Targeting human oligodendrocyte progenitors for myelin repair

Abstract

Oligodendrocyte development has been studied for several decades, and has served as a model system for both neurodevelopmental and stem/progenitor cell biology. Until recently, the vast majority of studies have been conducted in lower species, especially those focused on rodent development and remyelination. In humans, the process of myelination requires the generation of vastly more myelinating glia, occurring over a period of years rather than weeks. Furthermore, as evidenced by the presence of chronic demyelination in a variety of human neurologic diseases, it appears likely that the mechanisms that regulate development and become dysfunctional in disease may be, in key ways, divergent across species. Improvements in isolation techniques, applied to primary human neural and oligodendrocyte progenitors from both fetal and adult brain, as well as advancements in the derivation of defined progenitors from human pluripotent stem cells, have begun to reveal the extent of both species-conserved signaling pathways and potential key differences at cellular and molecular levels. In this article, we will review the commonalities and differences in myelin development between rodents and man, describing the approaches used to study human oligodendrocyte differentiation and myelination, as well as heterogeneity within targetable progenitor pools, and discuss the advances made in determining which conserved pathways may be both modeled in rodents and translate into viable therapeutic strategies to promote myelin repair.

Keywords: Human cell implantation; Oligodendrocyte progenitor; Remyelination.

Fig. 1

Solifenacin treatment enhances myelination and functional recovery by transplanted human oligodendrocyte progenitor cells (hOPCs). CD140a-sorted fetal-derived hOPCs were transplanted into neonatal hypomyelinated shiverer mice, which do not express myelin basic protein (MBP).
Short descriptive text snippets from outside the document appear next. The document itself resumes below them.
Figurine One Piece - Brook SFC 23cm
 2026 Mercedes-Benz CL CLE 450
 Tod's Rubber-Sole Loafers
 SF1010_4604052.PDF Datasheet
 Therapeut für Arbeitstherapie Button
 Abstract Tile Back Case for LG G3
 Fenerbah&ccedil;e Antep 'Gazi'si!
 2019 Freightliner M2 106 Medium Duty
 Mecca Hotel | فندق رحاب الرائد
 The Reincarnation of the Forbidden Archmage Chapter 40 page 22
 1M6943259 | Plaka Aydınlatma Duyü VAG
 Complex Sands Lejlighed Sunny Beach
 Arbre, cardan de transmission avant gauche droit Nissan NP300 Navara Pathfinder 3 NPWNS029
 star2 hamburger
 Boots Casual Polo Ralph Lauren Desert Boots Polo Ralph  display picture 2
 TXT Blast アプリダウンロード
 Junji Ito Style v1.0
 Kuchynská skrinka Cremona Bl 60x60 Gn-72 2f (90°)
A) The differentiation of transplanted hOPCs was accelerated by systemic administration of solifenacin, a muscarinic receptor antagonist, as observed as increased immunostaining for MBP in the corpus callosum after eight weeks (human nuclei are stained with hNA in red; scale bar = 100 µm). B) Solifenacin also enhanced myelination of cerebral peduncle axons (marked by neurofilament [NF]) by hOPCs when transplanted into the ventral midbrain (scale bar = 10 µm). C) The increased myelination of ventral midbrain structures resulting in increased conduction velocity and functional recovery of the auditory brainstem response (ABR), observed as reduced interpeak latencies, with significantly shorter latencies between peaks II and IV (modified from Abiraman et al., 2015).

Fig. 2

Myelination is enhanced in regions with high densities of transplanted human oligodendrocyte progenitor cells. Human oligodendrocyte progenitor cells were transplanted into the corpus callosum of 2–3 postnatal day shiverer/rag2 mice (as described in Abiraman et al. (2015). A–C) The densities of engrafted human cells (human nuclear antigen [hNA], red) observed within the corpus callosum (demarcated by dotted lines) varied at 12 weeks post-transplantation. Oligodendrocyte differentiation identified by staining for myelin basic protein (MBP, green) was strongest in areas with a high density of hNA⁺ cells (scale bar = 100 µm). D) A strong, positive correlation was found between the density of human cells and the area of MBP staining within the corpus callosum.